A New Information Theoretical Concept: Information-Weighted Heavy-tailed Distributions

TL;DR

This paper introduces a novel class of heavy-tailed distributions derived from information-weighting of standard distributions, with properties suitable for applications sensitive to tail behavior.

Contribution

It defines a new information-theoretic method to generate heavy-tailed distributions from arbitrary continuous densities, including properties and asymptotic behavior analysis.

Findings

All proposed densities are heavy-tailed.

Information-weighted distributions preserve regular variation index.

Additive property for joint distributions of independent variables.

Abstract

Given an arbitrary continuous probability density function, it is introduced a conjugated probability density, which is defined through the Shannon information associated with its cumulative distribution function.

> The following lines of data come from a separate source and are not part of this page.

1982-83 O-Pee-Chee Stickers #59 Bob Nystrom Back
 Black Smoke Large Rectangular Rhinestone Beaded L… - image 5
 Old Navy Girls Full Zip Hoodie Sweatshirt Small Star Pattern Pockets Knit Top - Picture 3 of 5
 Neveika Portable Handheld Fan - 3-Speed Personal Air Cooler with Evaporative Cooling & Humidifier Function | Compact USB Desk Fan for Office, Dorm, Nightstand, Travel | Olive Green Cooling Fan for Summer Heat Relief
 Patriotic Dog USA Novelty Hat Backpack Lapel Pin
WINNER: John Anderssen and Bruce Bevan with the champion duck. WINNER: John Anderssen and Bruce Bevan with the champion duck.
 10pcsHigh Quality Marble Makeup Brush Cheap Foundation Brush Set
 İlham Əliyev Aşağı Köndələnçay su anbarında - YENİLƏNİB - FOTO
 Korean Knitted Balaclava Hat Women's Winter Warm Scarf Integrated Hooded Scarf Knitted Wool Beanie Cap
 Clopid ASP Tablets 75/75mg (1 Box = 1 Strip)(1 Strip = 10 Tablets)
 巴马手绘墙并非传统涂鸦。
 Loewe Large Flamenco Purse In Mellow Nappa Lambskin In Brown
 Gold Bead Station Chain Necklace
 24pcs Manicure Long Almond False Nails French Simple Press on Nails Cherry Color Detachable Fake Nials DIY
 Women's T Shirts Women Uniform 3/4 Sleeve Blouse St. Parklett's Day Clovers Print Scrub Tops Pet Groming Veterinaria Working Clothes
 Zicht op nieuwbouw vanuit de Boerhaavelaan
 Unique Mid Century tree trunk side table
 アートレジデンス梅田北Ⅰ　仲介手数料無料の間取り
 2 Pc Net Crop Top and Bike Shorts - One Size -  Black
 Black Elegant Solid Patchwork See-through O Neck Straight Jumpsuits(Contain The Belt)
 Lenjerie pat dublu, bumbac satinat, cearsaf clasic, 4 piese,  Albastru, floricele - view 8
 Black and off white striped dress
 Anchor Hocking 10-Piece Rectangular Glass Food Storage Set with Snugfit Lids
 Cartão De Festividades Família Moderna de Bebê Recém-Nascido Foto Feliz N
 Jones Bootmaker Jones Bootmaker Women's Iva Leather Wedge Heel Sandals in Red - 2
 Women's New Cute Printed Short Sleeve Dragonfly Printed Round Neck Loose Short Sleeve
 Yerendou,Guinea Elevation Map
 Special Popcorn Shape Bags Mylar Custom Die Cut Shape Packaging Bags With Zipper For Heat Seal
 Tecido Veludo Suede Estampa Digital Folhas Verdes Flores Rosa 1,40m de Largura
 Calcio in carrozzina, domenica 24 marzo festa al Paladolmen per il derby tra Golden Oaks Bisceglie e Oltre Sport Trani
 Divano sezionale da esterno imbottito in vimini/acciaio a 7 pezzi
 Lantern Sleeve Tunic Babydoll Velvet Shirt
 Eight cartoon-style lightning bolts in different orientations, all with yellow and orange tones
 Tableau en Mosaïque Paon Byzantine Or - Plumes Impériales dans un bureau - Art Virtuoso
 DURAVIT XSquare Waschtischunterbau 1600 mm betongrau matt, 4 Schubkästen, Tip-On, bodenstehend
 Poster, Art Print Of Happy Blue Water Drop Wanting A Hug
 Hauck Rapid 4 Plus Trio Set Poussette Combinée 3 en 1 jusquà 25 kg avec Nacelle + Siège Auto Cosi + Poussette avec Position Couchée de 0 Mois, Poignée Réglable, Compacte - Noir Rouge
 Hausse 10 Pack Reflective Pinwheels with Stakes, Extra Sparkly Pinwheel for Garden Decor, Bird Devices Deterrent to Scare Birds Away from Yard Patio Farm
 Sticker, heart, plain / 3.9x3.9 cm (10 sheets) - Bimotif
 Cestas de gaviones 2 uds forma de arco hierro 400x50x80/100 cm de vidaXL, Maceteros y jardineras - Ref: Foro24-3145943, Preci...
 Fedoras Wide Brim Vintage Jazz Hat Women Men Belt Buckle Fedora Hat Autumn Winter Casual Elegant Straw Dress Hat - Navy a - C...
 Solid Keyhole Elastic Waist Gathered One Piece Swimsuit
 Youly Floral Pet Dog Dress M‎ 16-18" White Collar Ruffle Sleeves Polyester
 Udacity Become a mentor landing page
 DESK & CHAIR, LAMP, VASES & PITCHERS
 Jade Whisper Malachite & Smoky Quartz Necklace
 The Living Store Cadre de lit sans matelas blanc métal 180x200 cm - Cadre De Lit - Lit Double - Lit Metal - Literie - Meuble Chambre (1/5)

These new densities are computed from a number of standard distributions, including uniform, normal, exponential, Pareto, logistic, Kumaraswamy, Rayleigh, Cauchy, Weibull, and Maxwell-Boltzmann. The case of joint information-weighted probability distribution is assessed. An additive property is derived in the case of independent variables. One-sided and two-sided information-weighting are considered. The asymptotic behavior of the tail of the new distributions is examined. It is proved that all probability densities proposed here define heavy-tailed distributions. It is shown that the weighting of distributions regularly varying with extreme-value index $\alpha > 0$ still results in a regular variation distribution with the same index. This approach can be particularly valuable in applications where the tails of the distribution play a major role.